Global Coronavirus Fiscal Stimulus of $8 Trillion with More Coming Up Fuels Crypto Boom

In quarter first of 2020, the US economy is contracting at a rate not seen since the Great Depression of the 1930s. Also, a total of 30 million Americans filed for unemployment claims in just six weeks.

Amidst this, the Federal Reserve printed trillions of dollars to soften the blow of the coronavirus lockdown on the economy. But it wasn’t only the Fed, other major central banks around the world fired up their money printer to print a coronavirus-triggered collapse of their economy.

And this money supply lifted up the price of stocks this month.
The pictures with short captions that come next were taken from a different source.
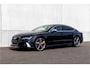 Audi RS7 A7 Sportback 4.0 TFSI quattro Pro Line plus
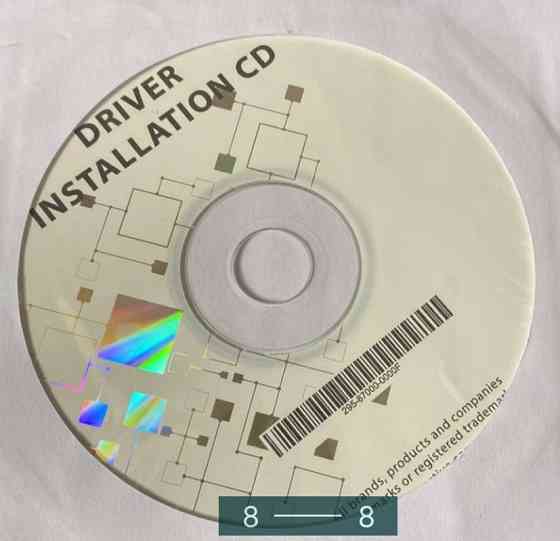 Відеокарта Sapphire R9 280X 3Gb. Київ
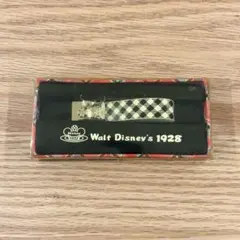 ミッキーマウス ストラップ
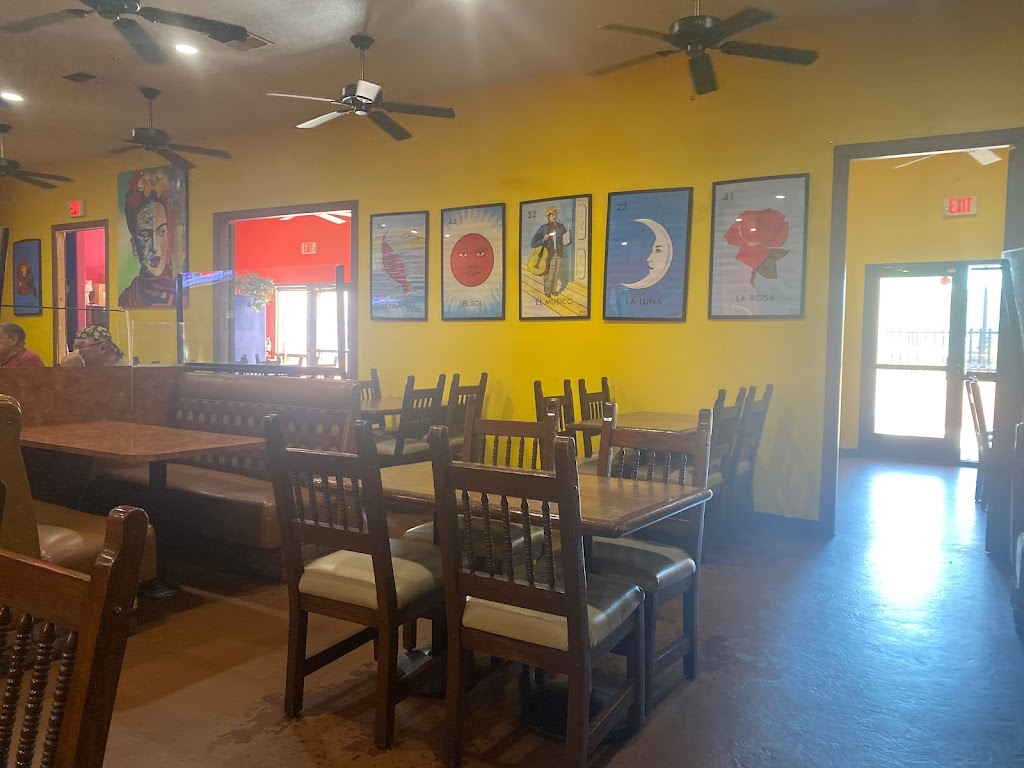 Oriols Restaurant | restaurant | 1595 Mohave Dr, Bullhead City, AZ 86442, USA | 9287584777 OR +1 928-758-4777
But what all this free money that has been created at the fastest rate ever cannot do is keep people from losing their jobs or restore lost production.

This means while the money supply is shooting up, the supply of goods is shrinking. Bruce Ng and Juan Villaverde of Weiss Crypto Ratings noted,

“More and more dollars chasing fewer and fewer goods is the textbook definition of inflation. And as inflation comes roaring back, it’s going to send safe-haven demand for top-rated cryptocurrencies blasting up.”

The authors argue that this excessive amount of fiat currencies supply has been at a time when buying crypto has become easier than ever.

Moreover, while the world is having quantitative easing, bitcoin is preparing for quantitative hardening in less than 10 days.

Becoming a safe haven

In its latest report titled “Quantitative Tightening,” Grayscale Investments also noted that bitcoin is the best bet against central banks’ money printing as unlimited fiat money could result in the debasement of the US dollar. The report states,

“Untenable levels of debt and fears of widespread default are driving the most aggressive monetary policies since Bitcoin’s creation.”

Currently, we are in an environment where government bonds are offering zero or negative yield, fiat currencies are at risk of debasement, and the coronavirus-lockdown highlighted the delivery issue with the traditional safe-haven asset gold.

The options to hedge are limited and according to the largest crypto asset manager, bitcoin is one such option that will go through supply shock this month. It summarizes,

“Bitcoin is showing signs of becoming a safe haven while maintaining an asymmetric return profile.”

The company that reported a record-breaking Q1 despite the crypto prices tanking amidst the global market rout also advised investors to “understand the effects of government monetary and fiscal intervention.”

Bitcoin market participants are also expecting this quantitative hardening to spark a bull run but Charlie Shrem recently said it will happen just not immediately.

During Virtual Blockchain Week, Shrem shared how the halving coinciding with coronavirus “a black swan event” is “crazy.”

Now as people start getting their unemployment benefits while sitting at home and suddenly bitcoin daily supply is going to be cut in half, according to him, all this money could flow into the bitcoin market.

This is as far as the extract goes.